Just how is Tom Waits to be classified as a singer/songwriter? As a bluesman, perhaps? A folk troubadour? A rock’n’roll artist? A lounge singer? An avant-garde performer? A storyteller? A poet? The answer is: he is all of those things…and more. Since beginning his career in music in the ‘70s, Waits has envisioned a world of music without borders or boundaries, where the vast gaps between genres could be bridged and explored. In that pursuit he has succeeded many times over throughout the years, with several eclectic and unique album releases — twenty-some album releases, actually — countless gigs, small acting parts in films, assisting with movie scores, and developing a rather substantial fan base.
And just how is Tom Waits’ sound to be described? In a word: idiosyncratic. To go into it a bit more, I’d say it is not only idiosyncratic but also gritty, soulful, intelligent, wonderfully bizarre, creative, and endlessly diverse. That doesn’t even tell the half of it, really. I mean, his sound differs from song to song, album to album, performance to performance, though it is always marked by his deep, gravelly vocals, haunting instrumentation, and masterful lyricism. In a way, he often brings to mind a disheveled carnival barker in a rumpled black sports coat and gray fedora, not much facial hair save for a five o’ clock shadow and a patch under his bottom lip, speaking gruffly into a megaphone that’s seen better days. He is one cool cat, that Tom Waits. Pretty weird, too, but cool nonetheless. Unquestionably one of a kind.
Not only is Waits a genius singer/songwriter, he is a consummate storyteller as well. That is to say, a good many of his songs include lyrical narratives about interesting scenes and situations, and strange characters that range from slightly shady to altogether disreputable. These are absorbing tales in so many ways, true enough, and accompanied by the background music they tend to hold the whole of one’s attention until all the way through.

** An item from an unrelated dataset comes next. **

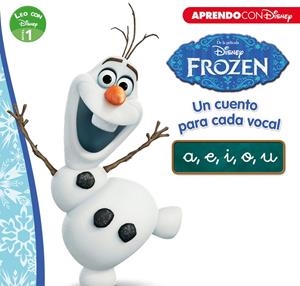 FROZEN. UN CUENTO PARA CADA VOCAL: A, E, I, O, U (LEO CON DISNEY NIVEL 1) | 9788416548866 | Galatea Llibres | Llibreria online de Reus, Tarragona | Comprar llibres en català i castellà online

Though Tom Waits hasn’t achieved much commercial success as a singer/songwriter, he has been very successful in a number of ways. After all, he has earned himself quite the cult following over the years. He has been a source of influence and inspiration for generations of bands and singer/songwriters, as well as several artists involved in a handful of other mediums. And he has done it all without selling out, without feeding himself into the mouth of the corporate music machine, without injecting himself into the mainstream, and without any artistic corruption or personal compromise whatsoever. All of this time, he has remained somewhere between the underground and the surface crust of the music world, where seedy characters lurk in the shadows, lovers lose themselves in nighst of closed-door ecstacies, the bottle becomes a companion, and cigarette smoke clouds the interior of alleyway dive bars. It is also where strange dust bowl circus tent worlds are to be found within the world we think we know, where apocalytpic cityscapes line the burning horizon, where one finds oneself at the crossroads between heaven and hell, where cluttered pawn shops house the wonderful and yet unwanted wares of the material realm, where all manner of folk drink heavily and share fascinating tales round roadside campfires, and where lines of white glowing christmas lights are strung from tree to tree in gypsy-like encampments.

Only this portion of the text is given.